In order to measure the grain moisture, the grains conveyed from the grain auger are supplied to the granules, and the grains are detected and converted into moisture by detecting a change in electrical resistance.

In order to improve the precision of measuring the moisture of the grain, the peak value for measuring the highest value generated when the grain is crushed and a moving average value of the peak value are detected. Converting to a / D value and binarizing it; and using the converted A / D value, the current A / D value TC, the past A / D value TO, and the difference value TmpD. Checking a value (TmpD = TC-TO) minus a past A / D value (TO) by a / D value (TC), and a past value (TD), which is a previous value of the difference value (TmpD), is greater than 0 ( TD> 0) and when the difference value TmpD is less than zero (TmpD <0), the A / D value TO at that time is finally executed as a peak value, and the moving average value of the peak value is executed. Detection is to sequentially store the peak value detected and confirmed in the storage buffer (PB), and the peak value stored in the storage buffer (PB) It will be divided into a number of execution to step identified by the current moving average value.

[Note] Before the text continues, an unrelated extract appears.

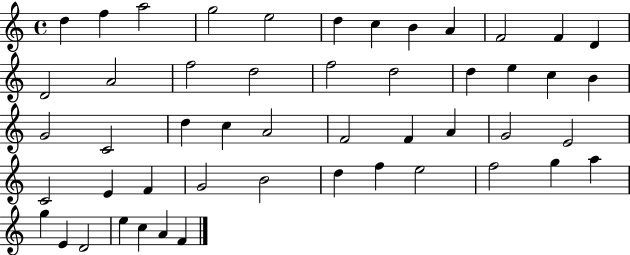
D5/q F5/q A5/h G5/h E5/h D5/q C5/q B4/q A4/q F4/h F4/q D4/q D4/h A4/h F5/h D5/h F5/h D5/h D5/q E5/q C5/q B4/q G4/h C4/h D5/q C5/q A4/h F4/h F4/q A4/q G4/h E4/h C4/h E4/q F4/q G4/h B4/h D5/q F5/q E5/h F5/h G5/q A5/q G5/q E4/q D4/h E5/q C5/q A4/q F4/q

If the value obtained by subtracting the threshold value (boundary value) 100, which has been set in advance by the indoor test and verified, is larger than the current peak value, the current peak value is stored in the storage output terminal OVC. If it is equal to or equal to, it is stored only in the storage buffer (PB) and executed to reflect only the moving average.

In order to detect the start and end of the harvest operation for the self-detachable combine harvester is made to detect the rise and fall of the harvesting unit by the operation of the harvesting unit detecting lever and the harvesting unit position detection switch.

A suitable device of the present invention for carrying out the above method is in a self-deleting combine working to harvest rice, where the grain flow is measured by real-time measuring the flow of grain in the self-deleting combine at the proper position of the self-detaining combine. Grain flow measurement sensor unit, grain moisture measurement sensor unit to measure the moisture of the grain, harvesting position detection sensor unit to detect the presence or absence of harvesting work for the self-deleting combine, It has a speed sensor unit for measuring speed, a global positioning unit for measuring position information by location in the package, and stable and efficient data recording, display, and storage even in an off-road agricultural environment. The data processing unit for receiving and processing the signal processing and various types of signals of the global positioning part is provided .

In order to easily measure the grain flow rate through the grain flow rate measurement sensor unit is made by attaching and equipped with a fixed stand, a collision plate and a load cell to generate an impact on the grain auger side, respectively.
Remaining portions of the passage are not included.